The Lord Jesus teaches us that if we are personally suffering, or fasting, to praise God we must do all we can to conceal this distress from others, to avoid putting on a spectacle so as to draw attention to ourselves to gain the sympathy from others, rather than to praise God.

The Lord Jesus then tells us that the way to please God is to pray to Him in secret so that no other person can see that you are praying, or know your private words to God.

God will hear you in secret and know that you are not praying or praising Him to gain the impress men, but are sincerely honouring Him by sharing your thoughts, problems, and requests, with Him, in the sanctity of your heart.

St John concludes the Lord Jesus’ teaching by giving us valuable insight on worldly goods:

“19 Do not store up for yourselves treasures on earth, where moths and vermin destroy, and where thieves break in and steal. 20 But store up for yourselves treasures in heaven, where moths and vermin do not destroy, and where thieves do not break in and steal. 21 For where your treasure is, there your heart will be also."
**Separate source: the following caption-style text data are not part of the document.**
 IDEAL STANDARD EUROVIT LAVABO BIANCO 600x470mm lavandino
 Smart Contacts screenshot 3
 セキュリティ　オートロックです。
Earthly treasure may cost us dearly in worrying about how we may protect it, from all that may damage or destroy it. In this day and age we can spend huge sums on high tech storage, elaborate electronic TV surveillance, and alarm systems, yet we still worry if that is enough to secure our treasure.

In the end our treasure becomes a burden.
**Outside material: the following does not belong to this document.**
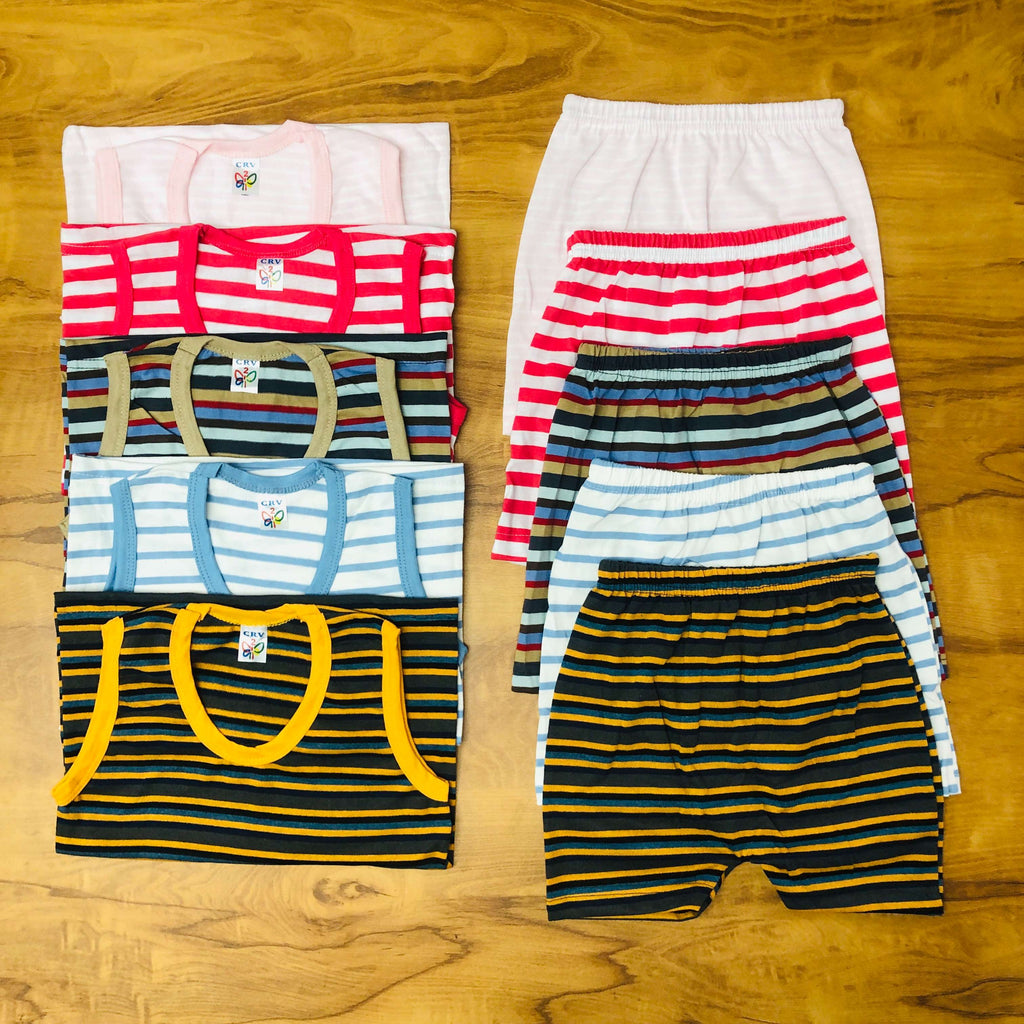 Sleeve Less Nikker Set Combo Pack of 5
We may use earthly treasure for great good, but remember, that the desire for earthly treasure may tempt us to do great spiritual evil.

May God give us, through the Holy Spirit, the desire to give Him praise, and thank Him continually for the Holy Gospel of the Lord Jesus Christ, the greatest treasure ever, secured for us, by God Himself, and may we never be distracted by the false treasures of this world, that can tempt us to turn away from God’s Greatest Treasure. Amen.